··· AVAILABLE DATA
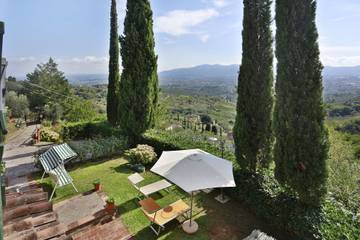 Agriturismo per 5 Persone in Capannori, Provincia di Lucca, Foto 4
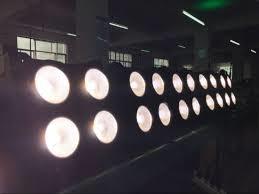 Cob Led Blinder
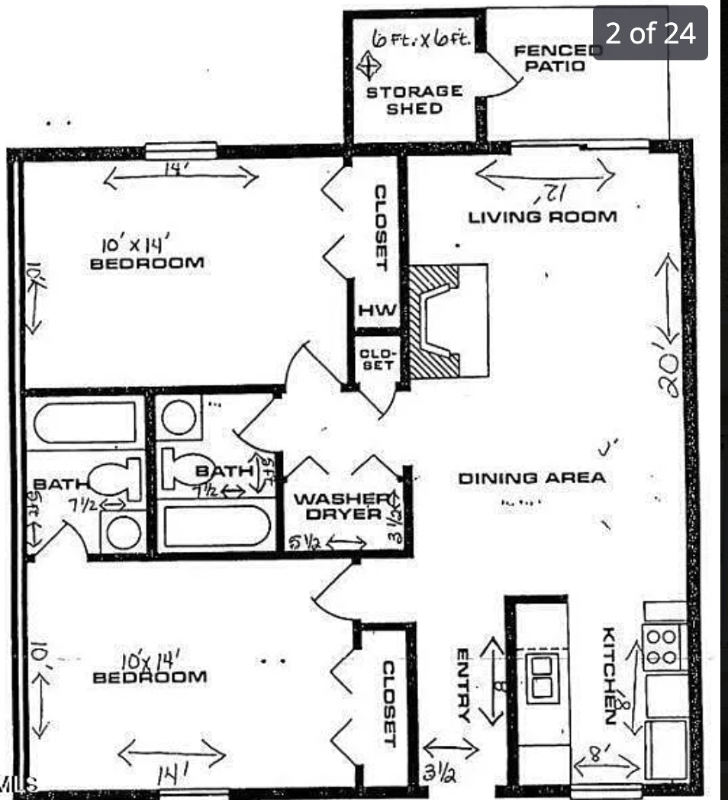 325 Kentucky Dr - Photo 2 of 4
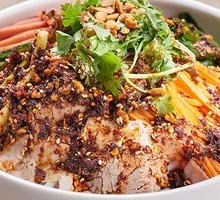 Old Kunming Cold Rice Noodles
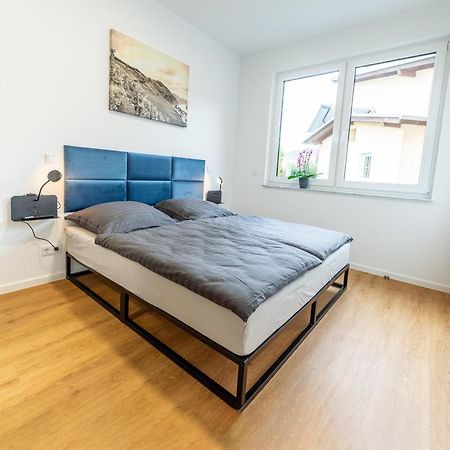 Apartment Weingut Dr Hermann I Erden Bagian luar foto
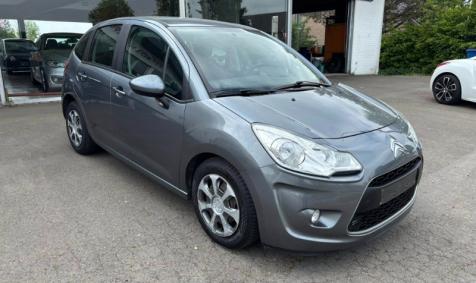 Citroën C3 1.4 Essence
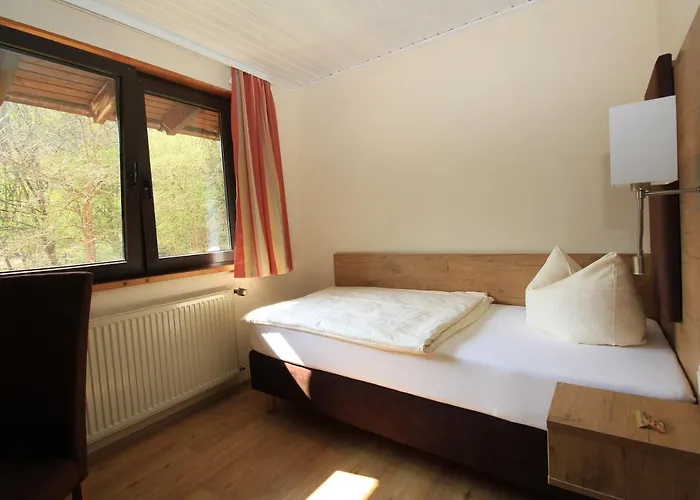 Waldhotel Albachmuehle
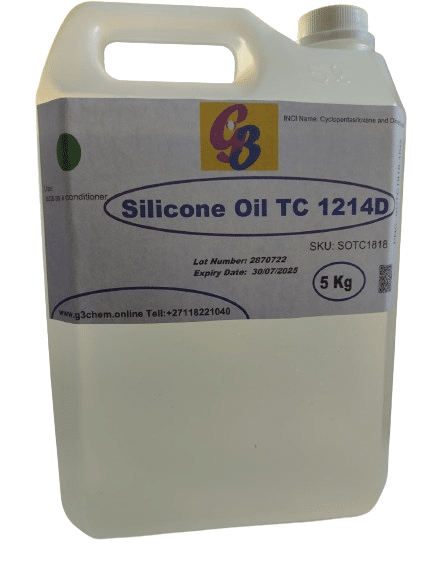 Silicone Oil TC 1214D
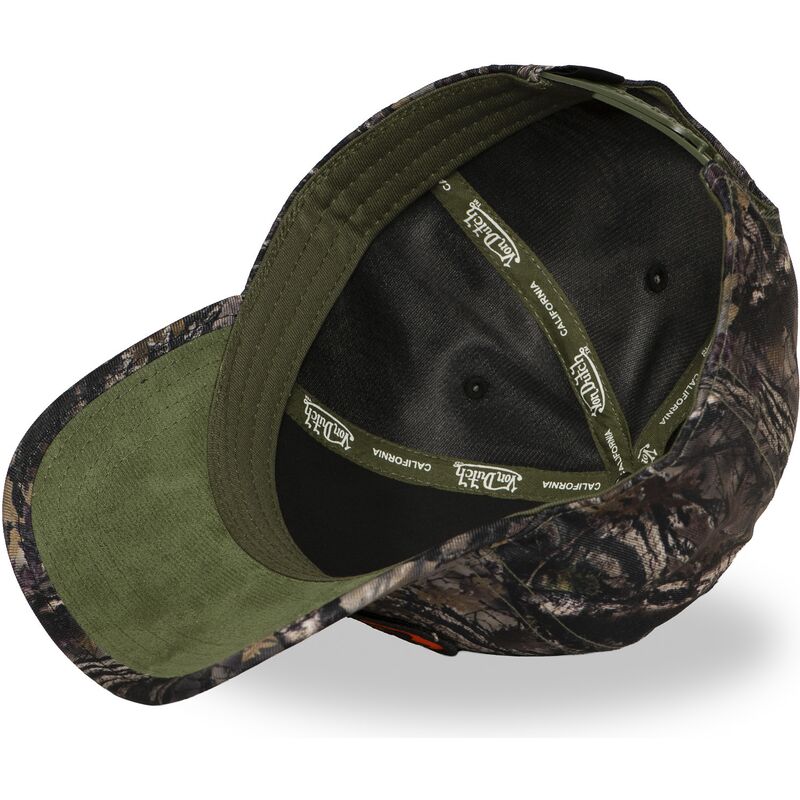 mutsid-kumer-roheline-snapback-reka01-von-dutch mutsid-kumer-roheline-snapback-reka01-von-dutch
······
ASSIGNMENT: Drop the images; restate the listing exactly.

EXPECTED OUTPUT:
 Agriturismo per 5 Persone in Capannori, Provincia di Lucca, Foto 4
 Cob Led Blinder
 325 Kentucky Dr - Photo 2 of 4
 Old Kunming Cold Rice Noodles
 Apartment Weingut Dr Hermann I Erden Bagian luar foto
 Citroën C3 1.4 Essence
 Waldhotel Albachmuehle
 Silicone Oil TC 1214D
 mutsid-kumer-roheline-snapback-reka01-von-dutch mutsid-kumer-roheline-snapback-reka01-von-dutch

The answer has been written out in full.